To begin with, the GDP grew during the “Depression years”, sometimes considerably higher than now. But does that mean there was more than one depression in the 1930s interspersed with “good economic times” when GDP went up?

The stock market also went up at times. Unemployment ranged from about 9-15% to 25%, depending on who you read, with no “fudging” by not counting those who were no longer looking for work or opted into SSD or SSI, because there was no SSD or SSI. Right now, the “real” unemployment rate is close to that 15% the last I knew. Some claim it’s much higher than that.

But the sense of it being a depression was there in the 1930s regardless of any of that. And GM didn’t even go under duing the Great Depression. It sold fewer cars than before, but it didn’t go bankrupt.

One big difference between then and now is that there was no welfare, no food stamps, no SSD, no SSR, no Medicare, no Medicaid, I have said at times that if we didn’t have those, the soup lines today would likely dwarf those of 1936. And, of course, people who don’t have employment still can have welfare-based “incomes” as high as $60,000/year, Undoubtedly, though people on welfare, SSD and so on don’t spend as much as many or most people who are working, they still consume at a fairly normal rate. Had the government done that in the 1930s, I don’t know that we would be calling it a depression in the history books.

But terminology aside, what is the real state of the economy? Well, the well-educated and the well-connected are doing fine. But that was true in the 1930s too. As my grandfather used to say “yes, unemployment was 20% or so, but that meant 80% or so were employed, and some did better during the depression than before it.”

Hiring is flat, negative when the new workers are counted.
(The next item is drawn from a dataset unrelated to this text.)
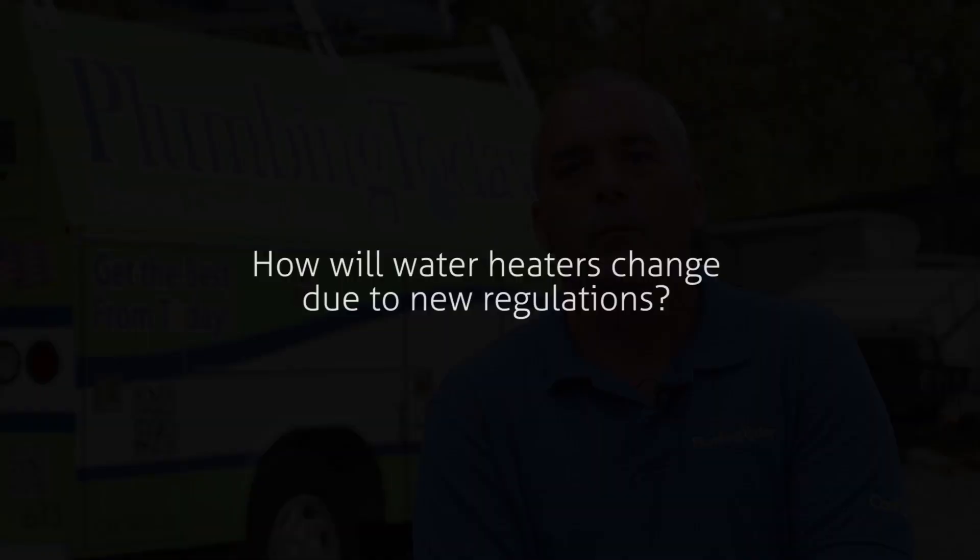My name is Pete Lanza. I'm the Quality Control Technician for Plumbing Today. As of April 15th, the government is mandating strict efficiency regulations for electric water heaters.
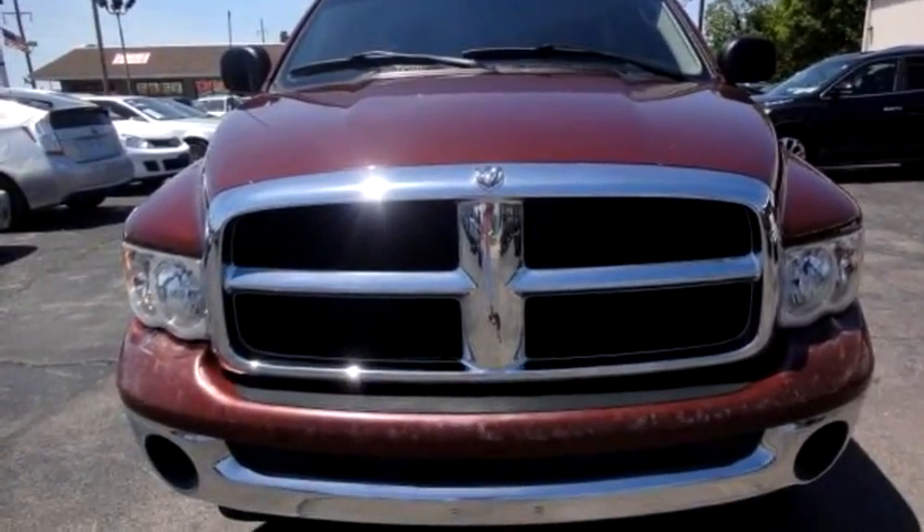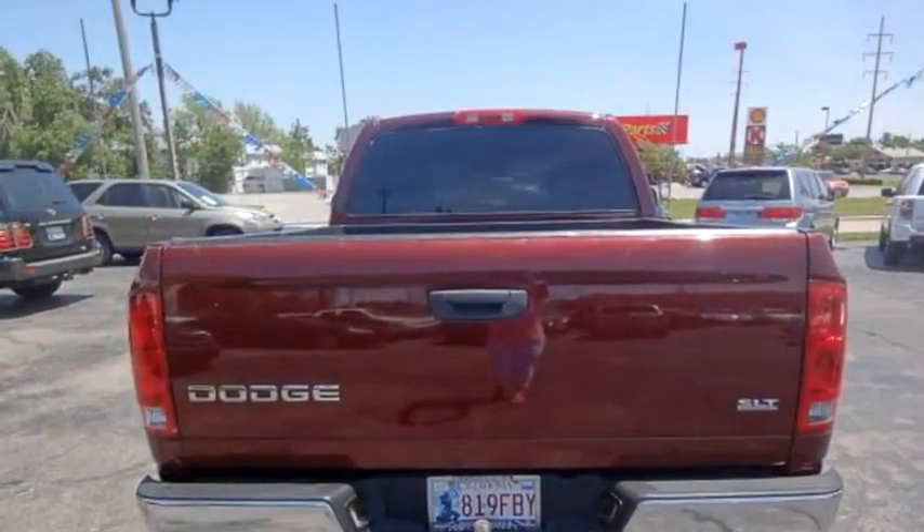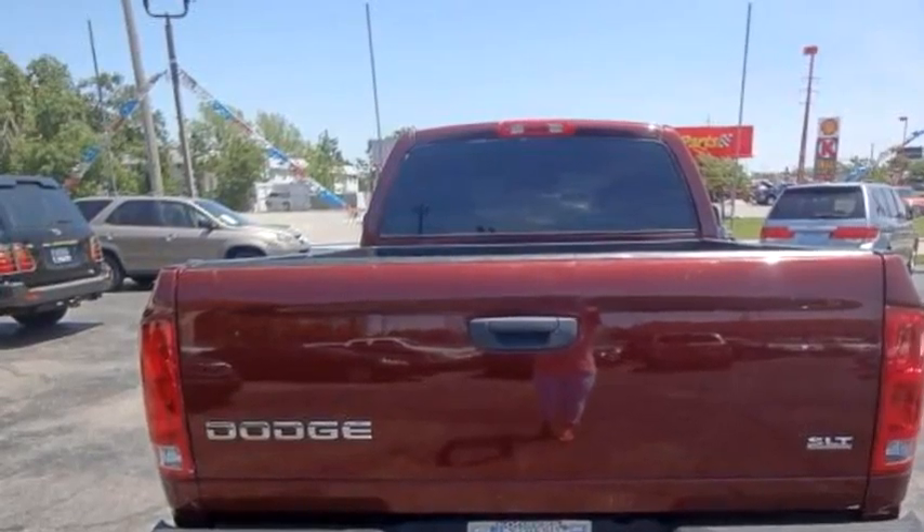United Auto Sales proudly presents this 2003 Dodge Ram 1500 2WD Single Cab SLT.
And when one considers that all “new” jobs in the last year went to recent immigrants, it doesn’t seem too favorable. Banks are very “long” on money because businesses don’t want to borrow for expansion.

What we’re in might not be a depression or even a recession, technically, but we are certainly in a moribund economy.

And one of the biggest reasons for it is uncertainty. Businesses can’t “pencil out” future costs because we have a radical government that keeps changing the potential formulae. What will taxes be? What will heathcare costs be? What will energy cost? What will transportation cost? What will regulatory costs be? Nobody can figure those out because changes in them are arbitrary and caused by a government that wants them all to increase but never tells us how much it wants them to increase, and likely doesn’t know itself.
 
Wall Street also rewards companies when they announce layoffs. This is often in spite of the fact that all the company does is spin the workers off into a separate company and still has most, if not all the same expenses, just under a different category in the income/expense statement.
It rewards them when the layoffs are real too. Sometimes “profitability” is actually negatively influenced by expansion, and positively influenced by contraction. One sometimes gets a nervous feeling when one sees a company’s profits go up as a percentage, but cash flow go down.
 
I watch the news every day and it gets a bit old to always hear them talking about how great a shape we are in, and how we are coming out of the recent recession…I really wonder if we can trust the Govts figures and numbers on this too, I mean it would be in their interest to ‘fudge’ the numbers and always talk positive about the economy, even if its not in great shape.

Most people I see and talk to, arent in good shape, they arent buying new cars, homes, expensive products, they are just getting by on what they make.